Different Micro SD Cards
For best performance you should use SD Cards of good quality. I can recommend Samsung MicroSD Pro Plus 32GB Class 10. Write speed up to 95 MB/s. Also Samsung MicroSD EVO 16GB Class 10. Write speed up to 48 MB/s. Price 47 $ respectively 10 $ (in Sweden).
Internet connections with Wicd
When you start up RaspArch for the first time you will get a error message re. Wicd Network Manager. Just open up a terminal and run the command wicd followed by systemctl enable wicd.service (to avoid further error messages from Wicd). You probably also have to edit /etc/resolv.conf in order to get a stable Internet connection. I.e. add the IP number of your router (Gateway). Example:
Just change Wicd’s preferences and connect.
A way to reach your Windows computers in your home network is to install Samba. Command: pacman -S samba gvfs gvfs-smb gamin sshfs
Then start Samba with the command systemctl start smbd nmbd
After that you can connect to your Windows computers via PCManFM – watch this screenshot. (My Raspberry Pi 3 running RaspArch is connected to two of my computers in my home network).
Sound in RaspArch
In Build 171102 I’ve installed alsa-utils, PulseAudio and Pavucontrol. The sound works alright now. From Arch Linux for Raspberry Pi Wiki I learned this. If you want/need sound in RaspArch you should follow the instruction below.

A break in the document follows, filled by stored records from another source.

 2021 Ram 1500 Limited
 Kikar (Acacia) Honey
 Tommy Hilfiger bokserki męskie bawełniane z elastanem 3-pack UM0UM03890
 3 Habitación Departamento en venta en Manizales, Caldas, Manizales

Run the following command: amixer cset numid=3 X
Where X corresponds to:
0 for Auto
1 for Analog out
2 for HDMI
Add the following lines to /boot/config.txt
audio_pwm_mode=2 (if you use the 3.5mm analogue output)

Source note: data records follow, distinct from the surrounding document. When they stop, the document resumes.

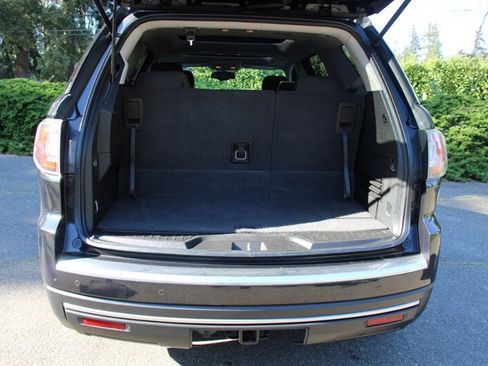 Used 2015 GMC Acadia SLE AWD/4WD image 18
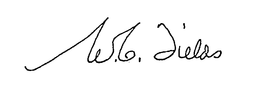 W. C. FIELDS trademark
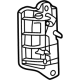Volkswagen 1T3-843-641-N-4PK Lever Volkswagen 1T3-843-641-N-4PK Lever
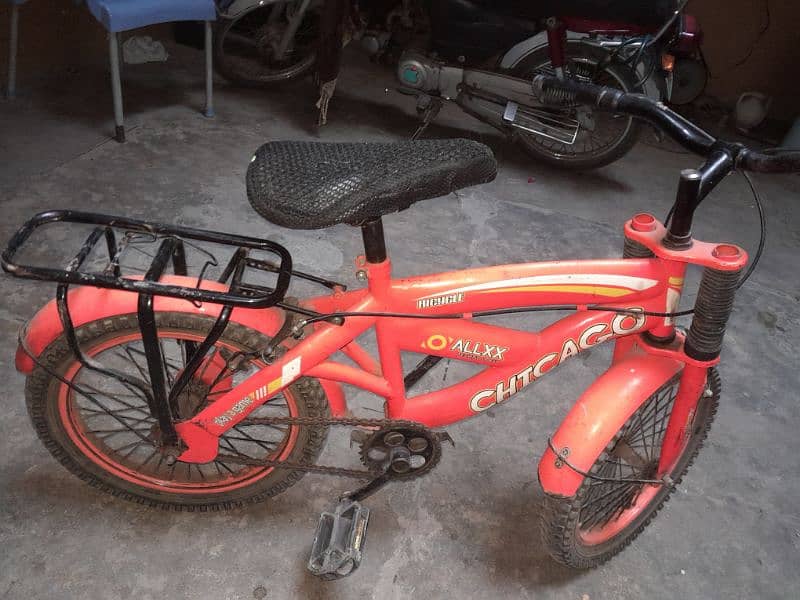 Bicycle for Sale 1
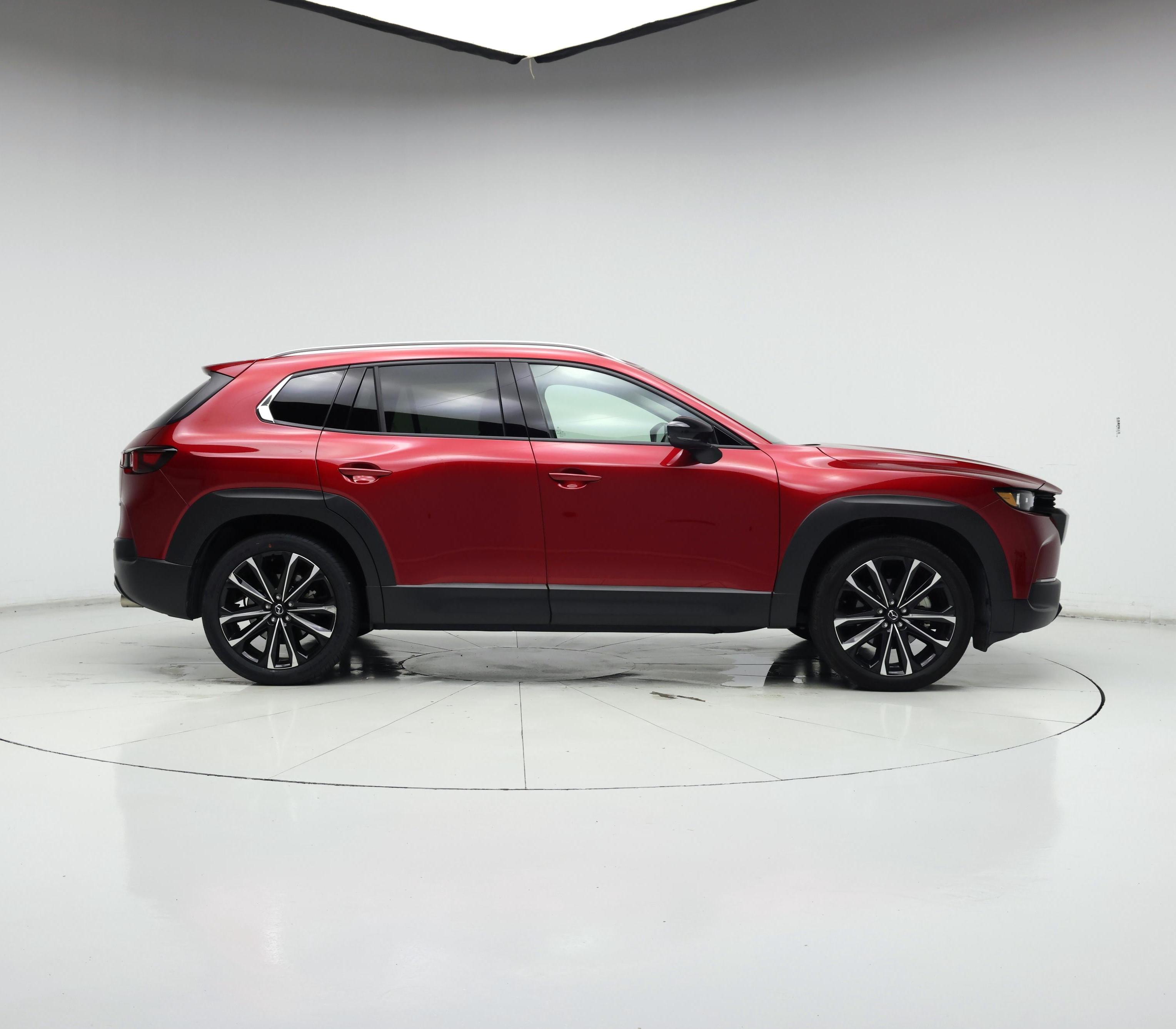 Thumbnail: 2024 Mazda CX-50 - 7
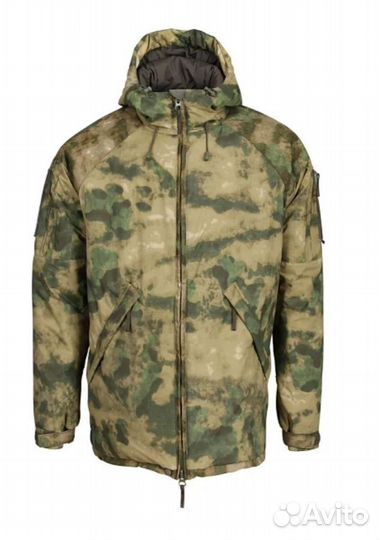 Сплав Борей L7 Shelter Sport мох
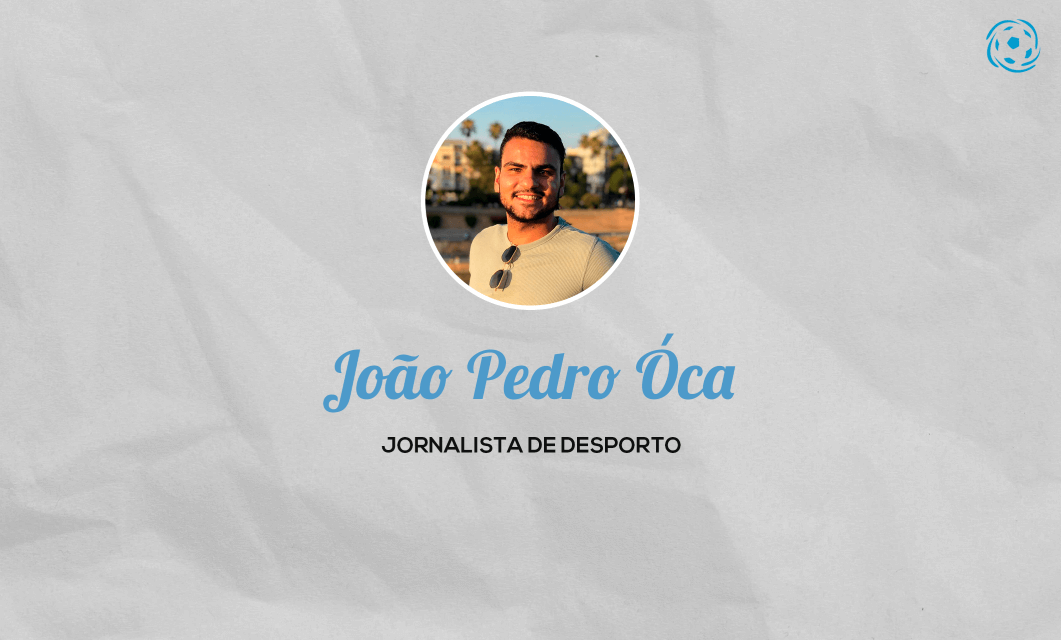 Tribuna VIP João Pedro Óca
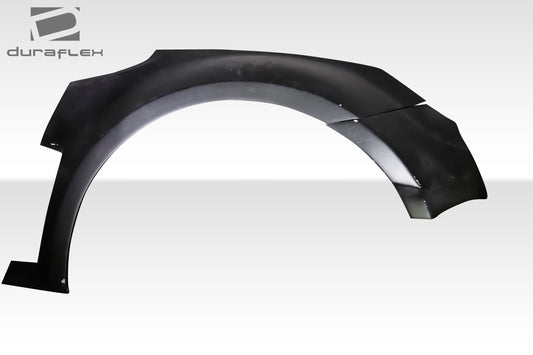 2011-2013 Kia Optima Duraflex CPR Fender Flare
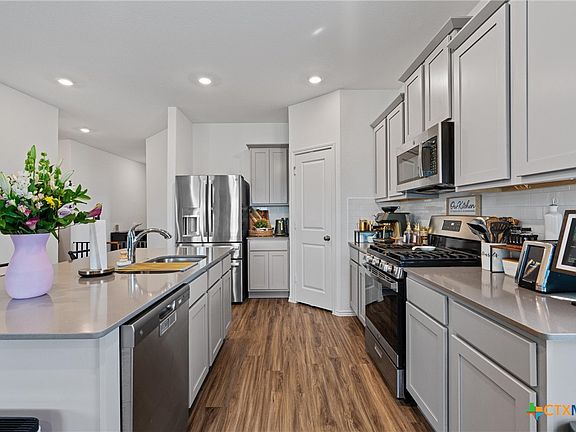 5th image of 217 Concho Brook Bnd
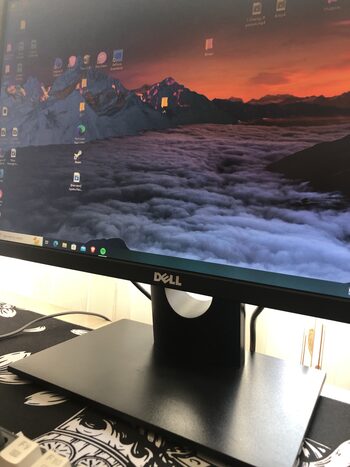 Dell E2216HV 60Hz Monitor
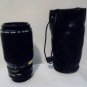 Canon Zoom Lens FD 75 -200mm 1:4.5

WHO should run Arch Linux/RaspArch?
My answer: The system fits the “advanced” Linux user/enthusiast, who would be willing to run an occasional command from time to time.

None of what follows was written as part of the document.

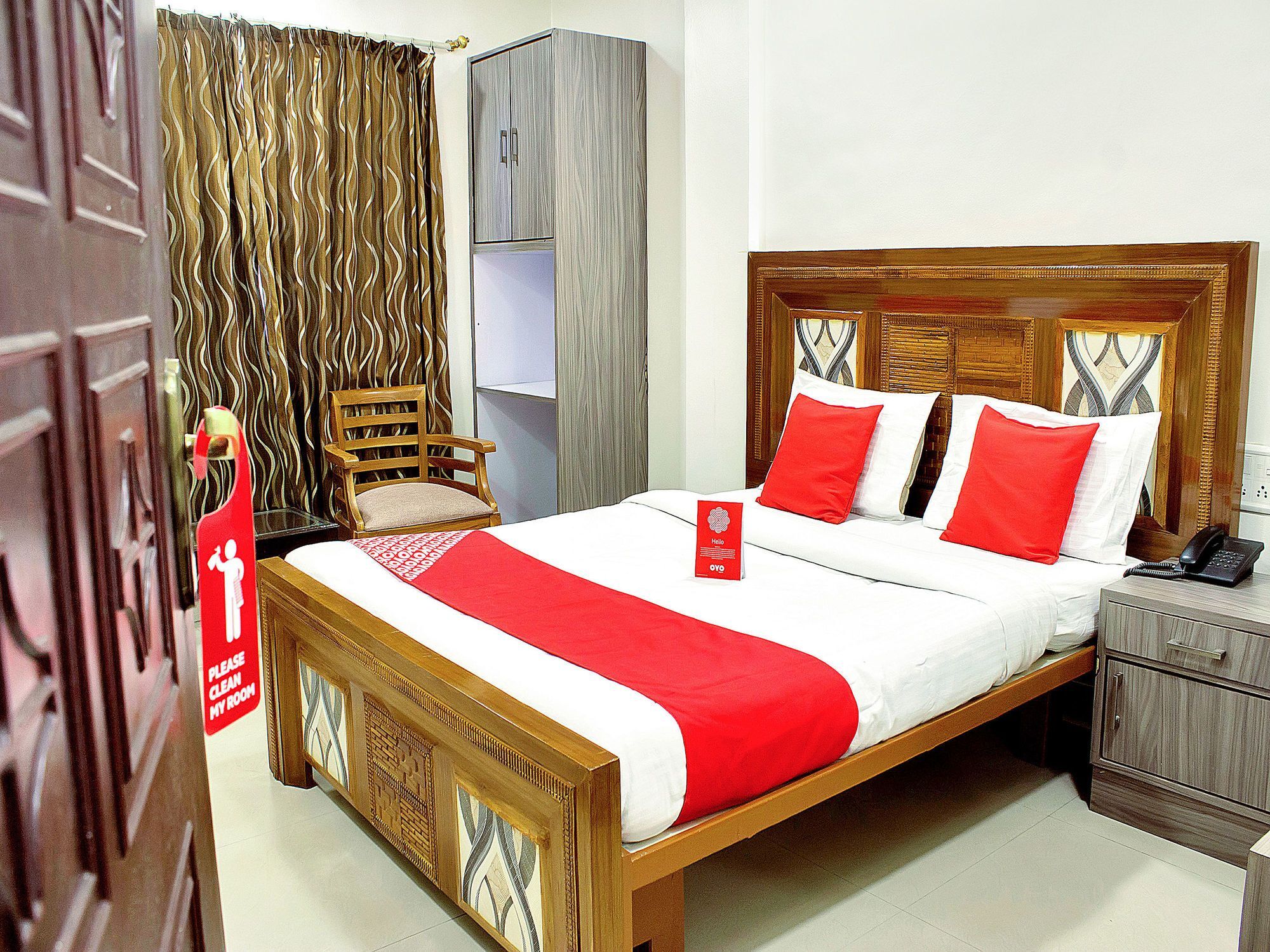 FabHotel Nandanvan Pune Extérieur photo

BENEFITS of Arch Linux/RaspArch
“Cutting Edge”-software and speed. A member on this site recently wrote this about RaspArch: I’ve used Slackware, Debian, Gentoo, Ubuntu & Arch. I prefer Arch. Ubuntu is easier to install, Arch is easier to keep up to date. You do not go through big, painful, changes every year instead you just update, once in a while, make changes if instructed. Arch has most of the benefits of Gentoo without the pain of recompiling _everything_. When you do need to build a package in Arch its painless especially if you use one of the tools that support Aur (I like yaourt). Arch avoids the politics of Debian and Ubuntu and delivers a great Linux distribution. RaspArch now brings these advantages to the PI 2.